┌─ SOURCE DATA
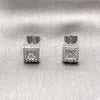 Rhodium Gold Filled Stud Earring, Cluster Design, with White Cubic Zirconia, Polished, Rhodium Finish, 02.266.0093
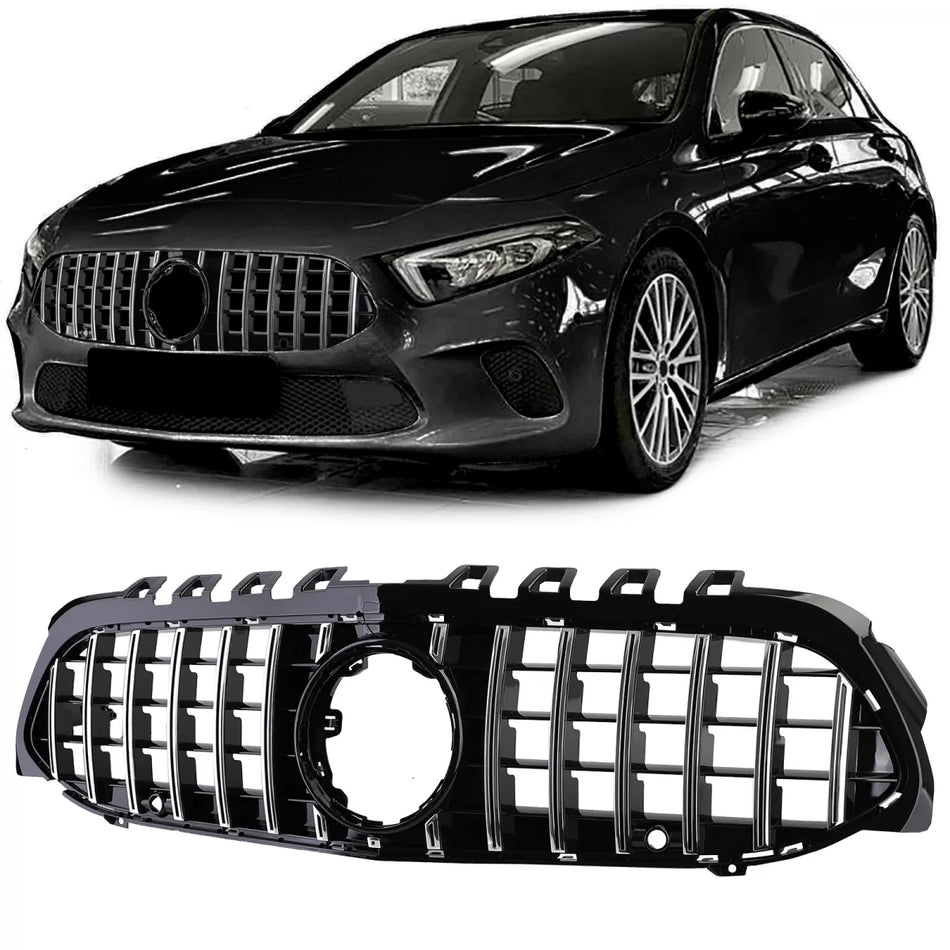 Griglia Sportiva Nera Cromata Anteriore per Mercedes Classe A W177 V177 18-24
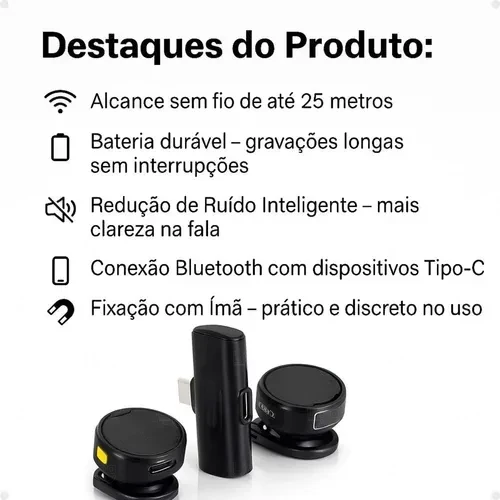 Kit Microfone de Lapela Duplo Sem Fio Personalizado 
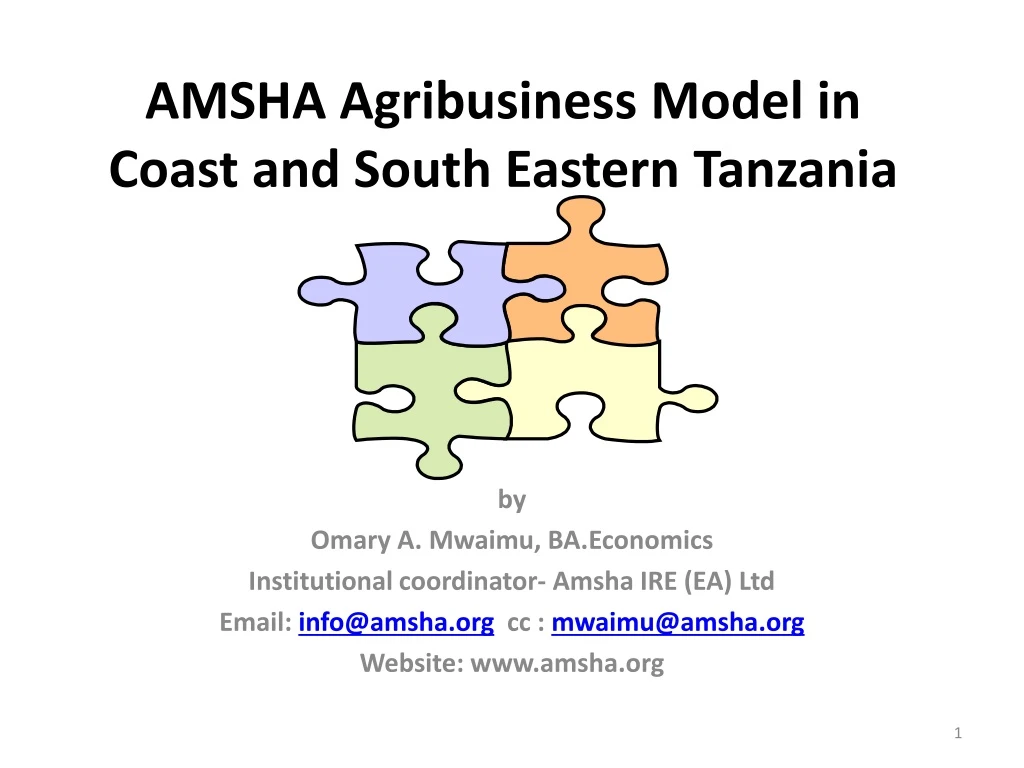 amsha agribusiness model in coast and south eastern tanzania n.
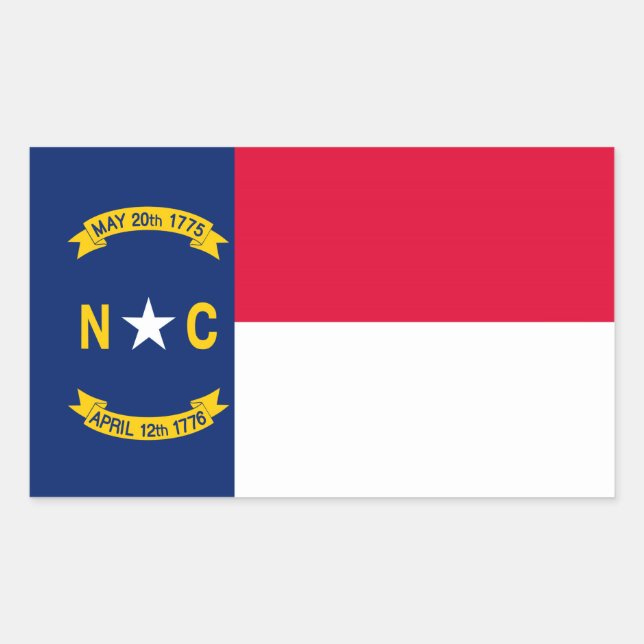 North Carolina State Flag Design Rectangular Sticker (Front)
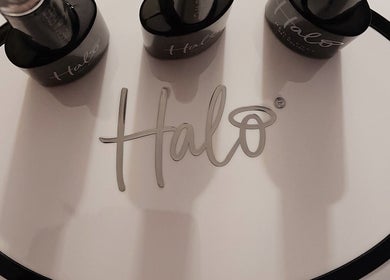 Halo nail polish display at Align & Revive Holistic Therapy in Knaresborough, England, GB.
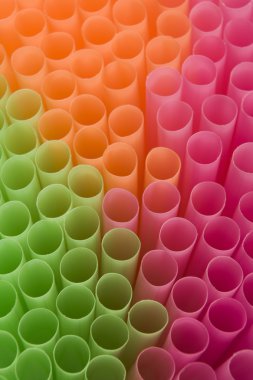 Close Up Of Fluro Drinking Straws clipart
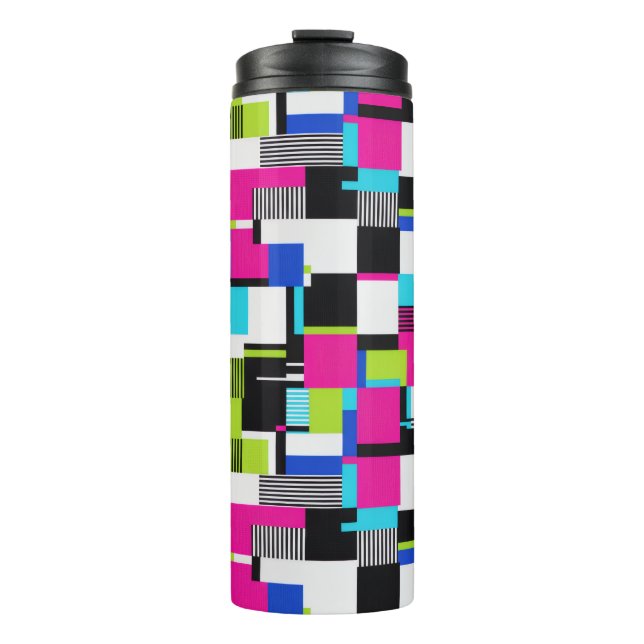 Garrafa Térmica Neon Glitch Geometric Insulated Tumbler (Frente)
└─
Make an exact copy of the data above, pictures excluded.

 Rhodium Gold Filled Stud Earring, Cluster Design, with White Cubic Zirconia, Polished, Rhodium Finish, 02.266.0093
 Griglia Sportiva Nera Cromata Anteriore per Mercedes Classe A W177 V177 18-24
 Kit Microfone de Lapela Duplo Sem Fio Personalizado 
 amsha agribusiness model in coast and south eastern tanzania n.
 North Carolina State Flag Design Rectangular Sticker (Front)
 Halo nail polish display at Align & Revive Holistic Therapy in Knaresborough, England, GB.
 Close Up Of Fluro Drinking Straws clipart
 Garrafa Térmica Neon Glitch Geometric Insulated Tumbler (Frente)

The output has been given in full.